• _Activity_
Write out the full set of records exactly. Any pictures in them do not belong in the copy.

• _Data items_
....

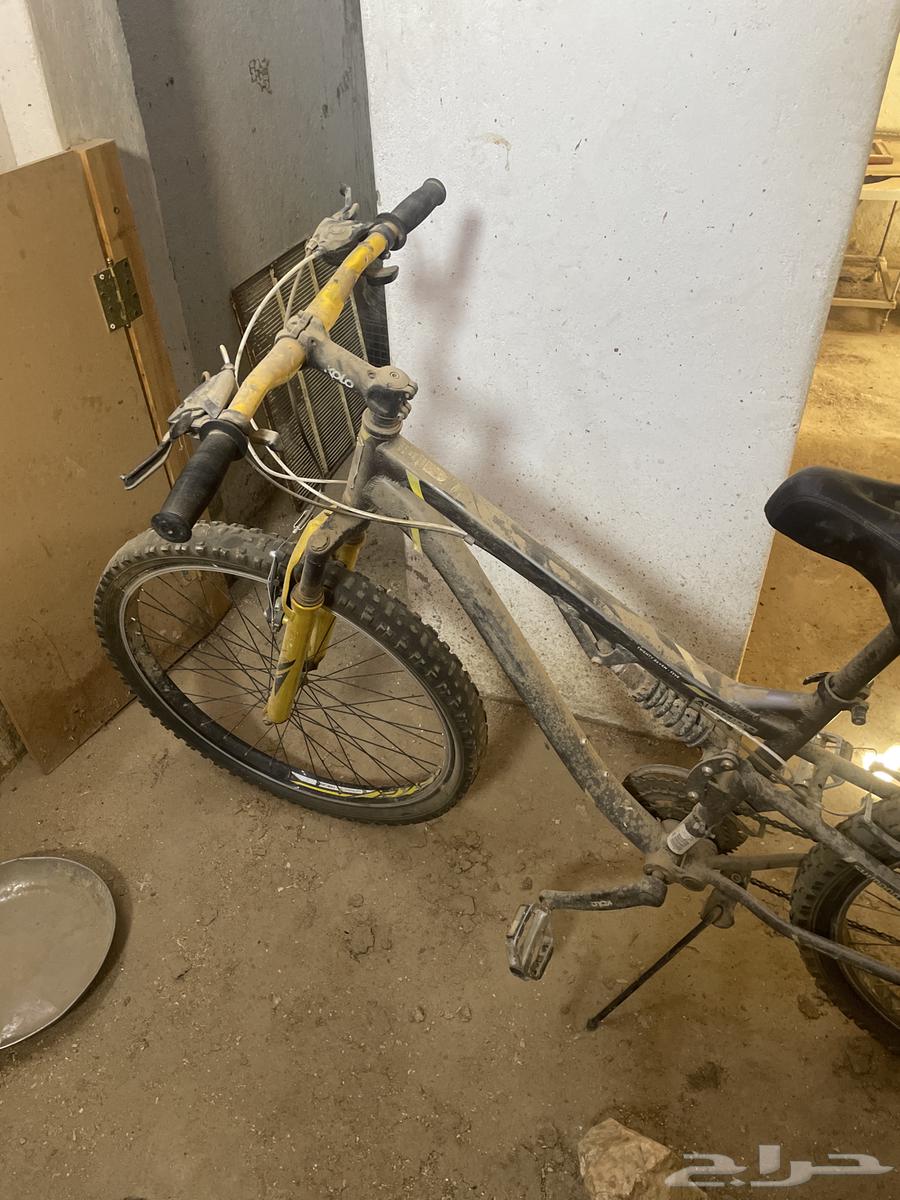 سيكل رياضي64428671164546111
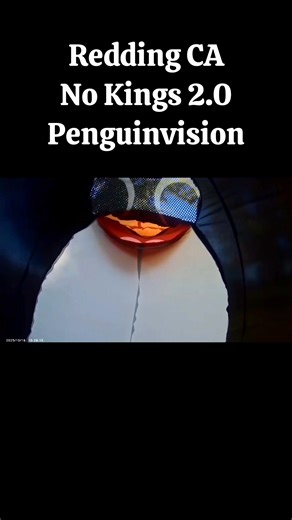 Today was the largest mobilization of democracy-loving Patriots that has ever happened in American history, and Redding California showed the FUCK UP! Good luck trying to prosecute us all as "terrorists" Shasta County. 🚫👑🐧🐧 I would like to share with you all the local protests in Penguinvision™. #NoKings MeidasTouch | Redding Be Like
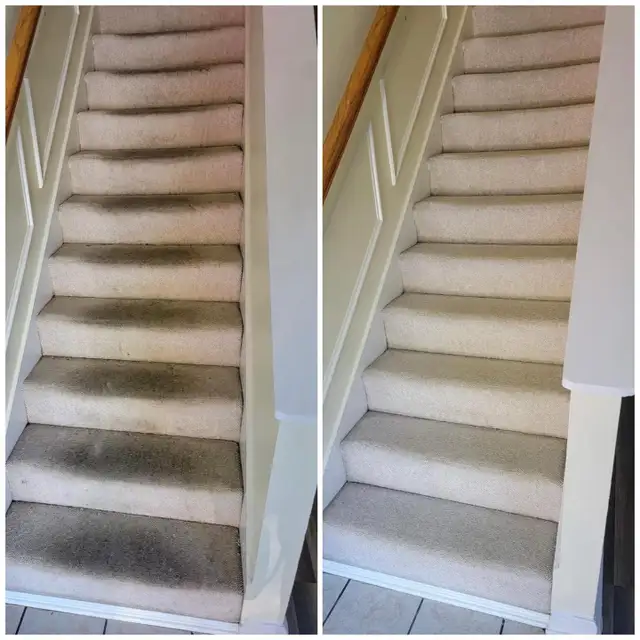 Let's Get Your Rug And Carpet Cleaning Done Today - Photo 4
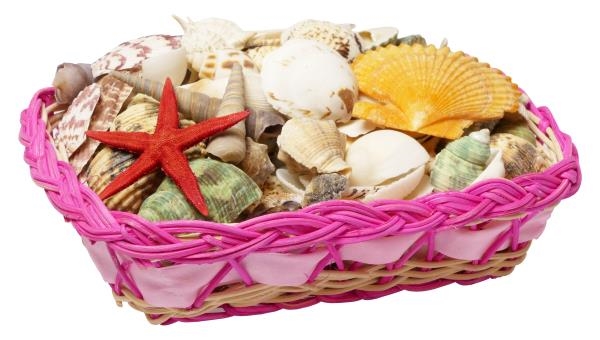 Image sur Coquillages, 1 kg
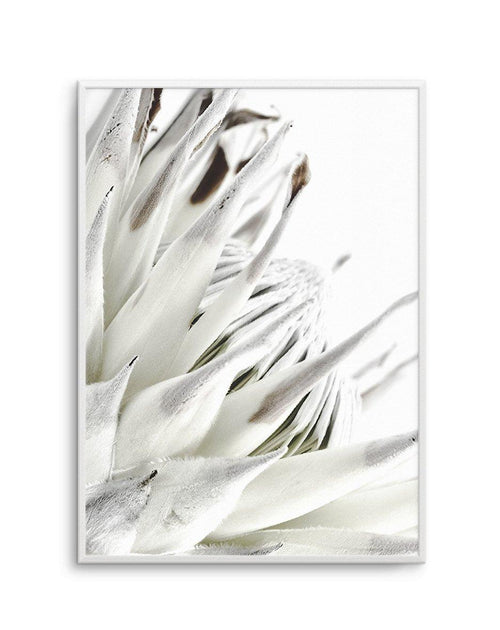 White King Protea Art Print-PRINT-Olive et Oriel-Olive et Oriel-A5 | 5.8" x 8.3" | 14.8 x 21cm-Unframed Art Print-With White Border-Buy-Australian-Art-Prints-Online-with-Olive-et-Oriel-Your-Artwork-Specialists-Austrailia-Decorate-With-Coastal-Photo-Wall-Art-Prints-From-Our-Beach-House-Artwork-Collection-Fine-Poster-and-Framed-Artwork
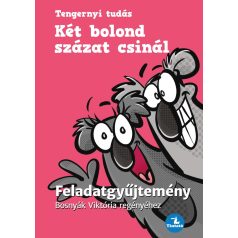   Két bolond százat csinál - Feladatgyűjtemény Bosnyák  Viktória regényéhez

....

• _Result of the task_
 سيكل رياضي64428671164546111
 Today was the largest mobilization of democracy-loving Patriots that has ever happened in American history, and Redding California showed the FUCK UP! Good luck trying to prosecute us all as "terrorists" Shasta County. 🚫👑🐧🐧 I would like to share with you all the local protests in Penguinvision™. #NoKings MeidasTouch | Redding Be Like
 Let's Get Your Rug And Carpet Cleaning Done Today - Photo 4
 Image sur Coquillages, 1 kg
 White King Protea Art Print-PRINT-Olive et Oriel-Olive et Oriel-A5 | 5.8" x 8.3" | 14.8 x 21cm-Unframed Art Print-With White Border-Buy-Australian-Art-Prints-Online-with-Olive-et-Oriel-Your-Artwork-Specialists-Austrailia-Decorate-With-Coastal-Photo-Wall-Art-Prints-From-Our-Beach-House-Artwork-Collection-Fine-Poster-and-Framed-Artwork
   Két bolond százat csinál - Feladatgyűjtemény Bosnyák  Viktória regényéhez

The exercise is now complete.